According to the Kurdish opposition group Independent Kurdish Order, the PKK/YPG terrorists kidnapped 18 more children between the ages of 14 and 17, including six from Hasakah province, seven from Qamishli district, and five from Aleppo province, and took them to so-called training camps in July of this year.
Sabah Anter, whose daughter was kidnapped by terror members two years ago in the PKK/YPG-controlled Qamishli district of northeastern Syria, told Anadolu on Aug. 3: "She was a school-going young girl when she was kidnapped."
"I went to the security forces and UN offices in the region to protest her kidnapping. There is no door left that I haven't knocked on for justice," Anter said, adding, "but I haven't been able to find my daughter."

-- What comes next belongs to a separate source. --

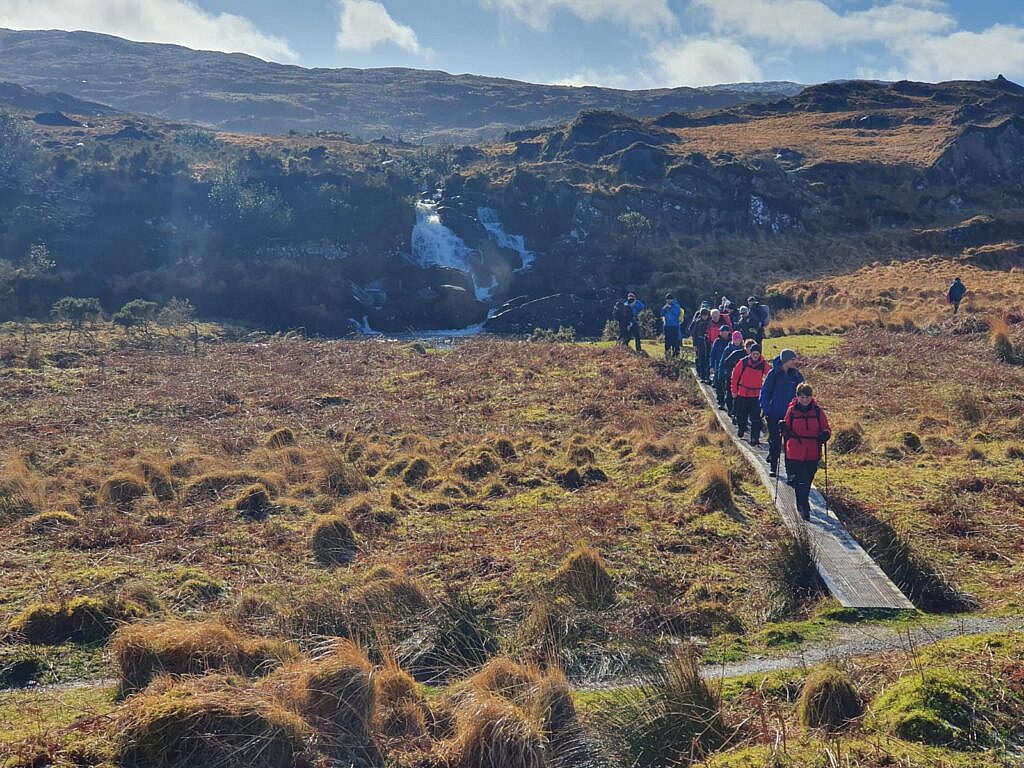 Beautiful landscape view on hillwalking route Old Kenmare Road from Killarney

"My daughter was so young. She was kidnapped by the terror organization when she was just 16 years old. She wanted to be a teacher," she said.
Anadolu photographs taken in June last year of tombstones in the Ayn-al Arab district, where the PKK/YPG victims of kidnapped "child fighters" are buried, clearly state their ages between 14 and 17 in Arabic and Kurdish languages.
Tombstones in the cemetery in the PKK/YPG-occupied Ayn-al Arab district show that the terrorist organization is dragging children into violence following their kidnapping and separating them from their families.
The US, which talks about democracy and human rights, is increasing its cooperation with the PKK/YPG in Syria, which has a bad track record for terrorist crimes.
The US provides financial and political support to the terrorist organization, which separates hundreds of children from their families and equips them with light and heavy weapons to take part in terrorist activities.
Virginia Gamba, UN Secretary-General Antonio Guterres' special representative on Children in Armed Conflicts, signed the action plan prepared "for the release of child fighters within the organization" on June 29, 2019, but without the knowledge of the member states.
Ankara later issued a protest note to the UN on the matter.
The UN Human Rights Council revealed in a report released on Jan. 16, 2020, that PKK/YPG terrorists are using children as "fighters" in Syria.
The fact that the terror group forces children to fight was also mentioned in the "2020 Human Trafficking Report" released by the US State Department on June 26, 2020.
The YPG continued to forcibly recruit and use even 12-year-old boys and girls from asylum camps in northwestern Syria, the report said.
The UN prepared the "Children in Annual Armed Conflicts" report for the period of January-December 2022, the terrorist organization PKK and the Syrian extension SDF and YPG. It was stated in the document that more than 1,200 children had been used as "soldiers" in 2022.
According to the report, the Syrian branch of the PKK, the SDF, has recruited 637 children, while the PKK/YPG and SDF-affiliated organizations have recruited 633 children to their armed staff.
Guterres, whose views were included in the report, expressed how "extremely concerned" he feels about the use of children as "soldiers" by the PKK/YPG.
"I invite them to stop using children as soldiers and for different purposes and release all the children in their ranks," the report said quoting the UN chief.
In its more than 35-year terror campaign against Türkiye, the PKK — listed as a terrorist organization by Türkiye, the US, and the EU — has been responsible for the deaths of more than 40,000 people, including women, children, and infants. The YPG is the terrorist PKK's Syrian branch.